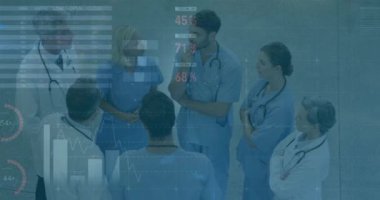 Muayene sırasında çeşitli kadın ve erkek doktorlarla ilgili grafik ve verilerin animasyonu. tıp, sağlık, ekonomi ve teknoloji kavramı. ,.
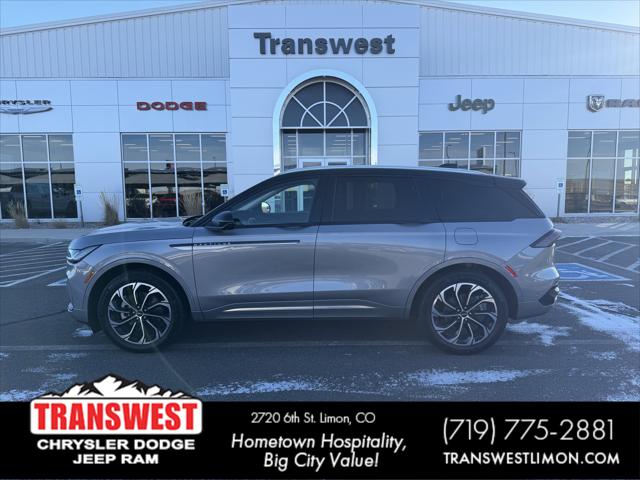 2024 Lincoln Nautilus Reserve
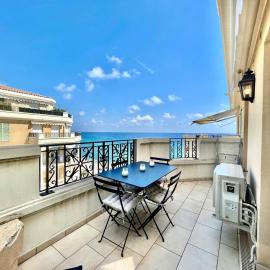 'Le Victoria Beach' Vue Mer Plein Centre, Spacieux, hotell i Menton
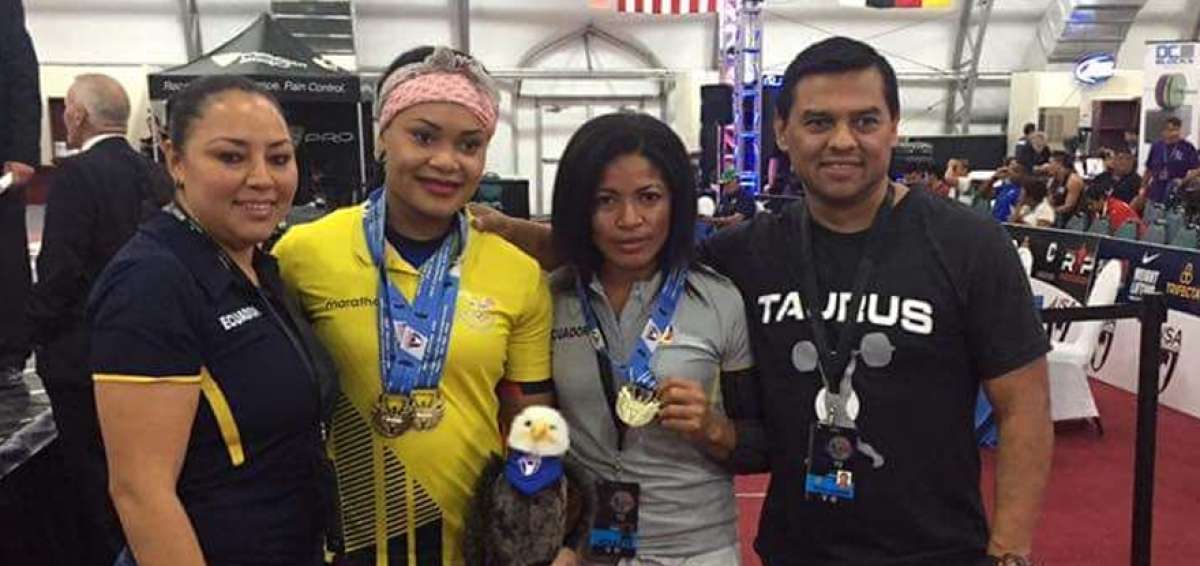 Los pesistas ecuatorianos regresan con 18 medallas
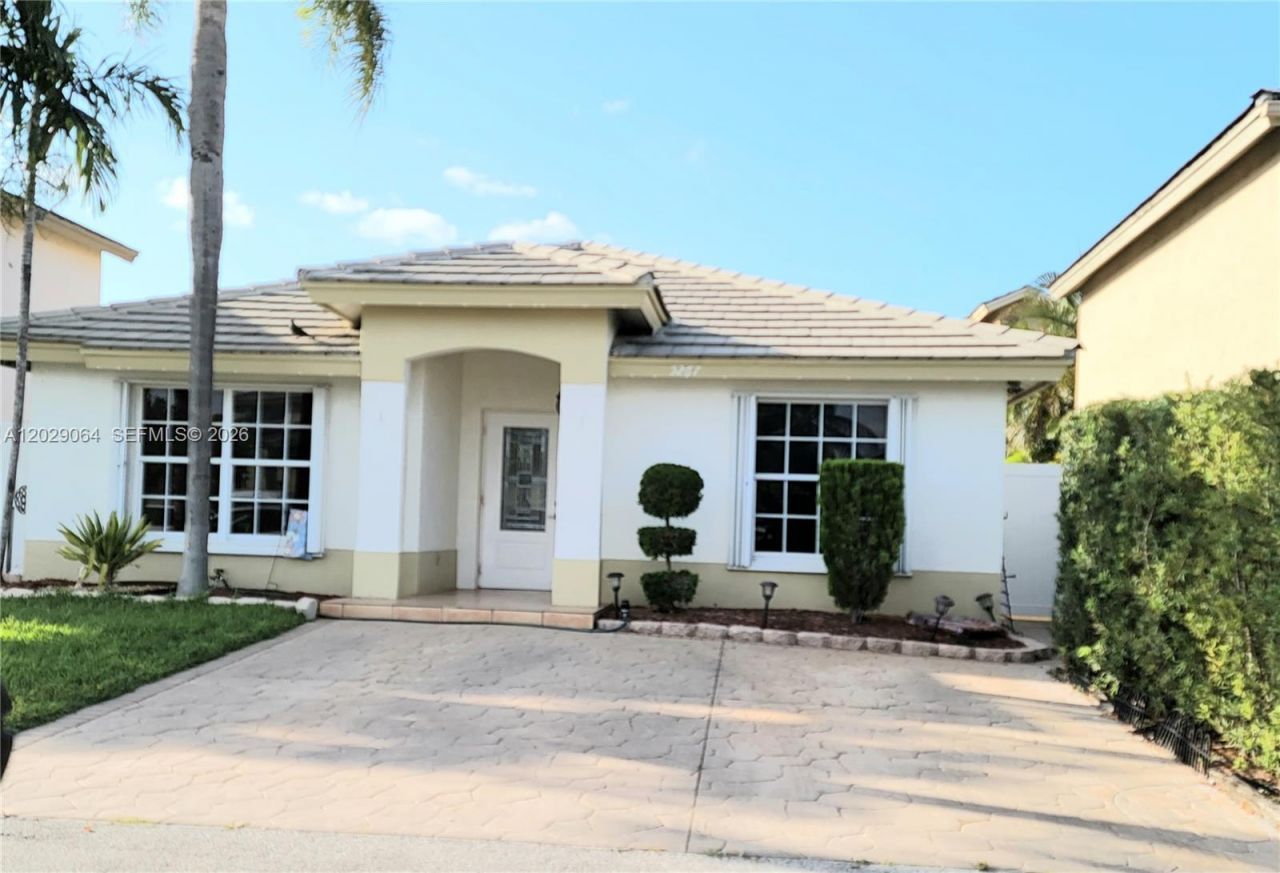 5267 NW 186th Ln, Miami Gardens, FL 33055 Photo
--
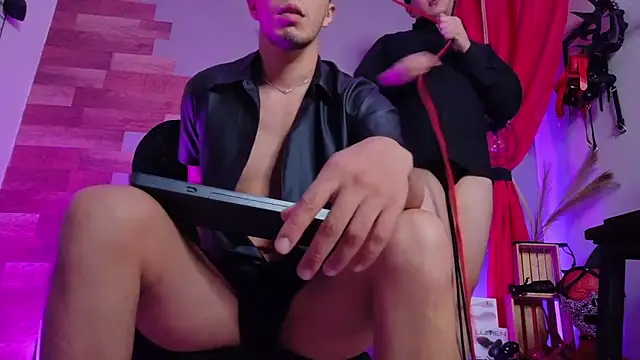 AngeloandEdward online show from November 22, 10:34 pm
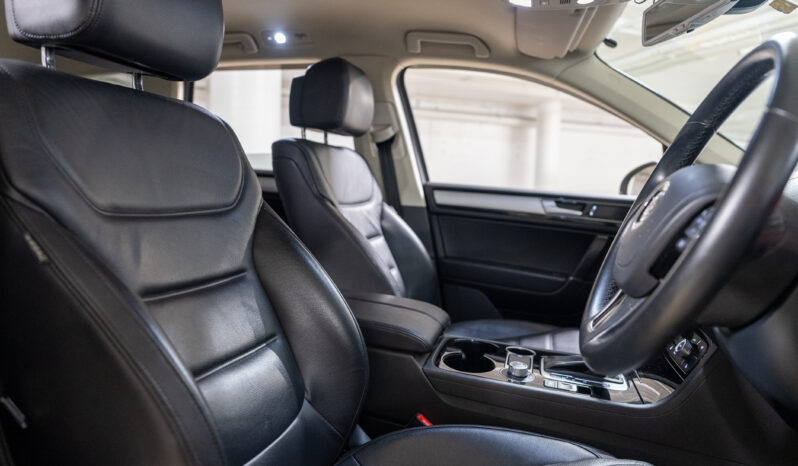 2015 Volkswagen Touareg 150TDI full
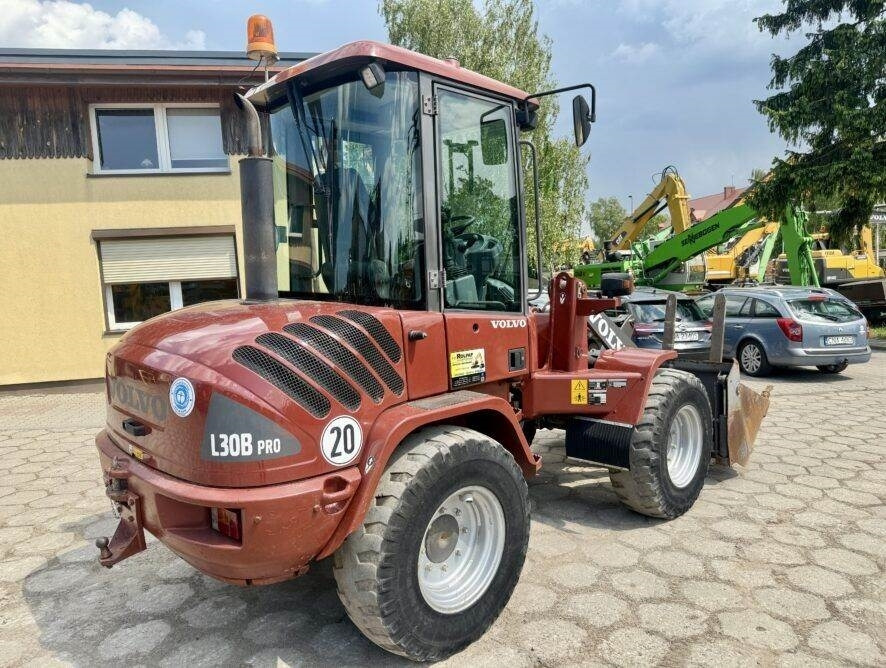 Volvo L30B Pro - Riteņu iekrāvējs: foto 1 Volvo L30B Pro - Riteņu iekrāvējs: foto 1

▶ YOUR ASSIGNMENT: An exact copy is needed. It runs from the line above containing "Los pesistas ecuatorianos" down to the line containing "5267 NW 186th", both included, with no pictures.

▶ TASK RESPONSE:
 Los pesistas ecuatorianos regresan con 18 medallas
 5267 NW 186th Ln, Miami Gardens, FL 33055 Photo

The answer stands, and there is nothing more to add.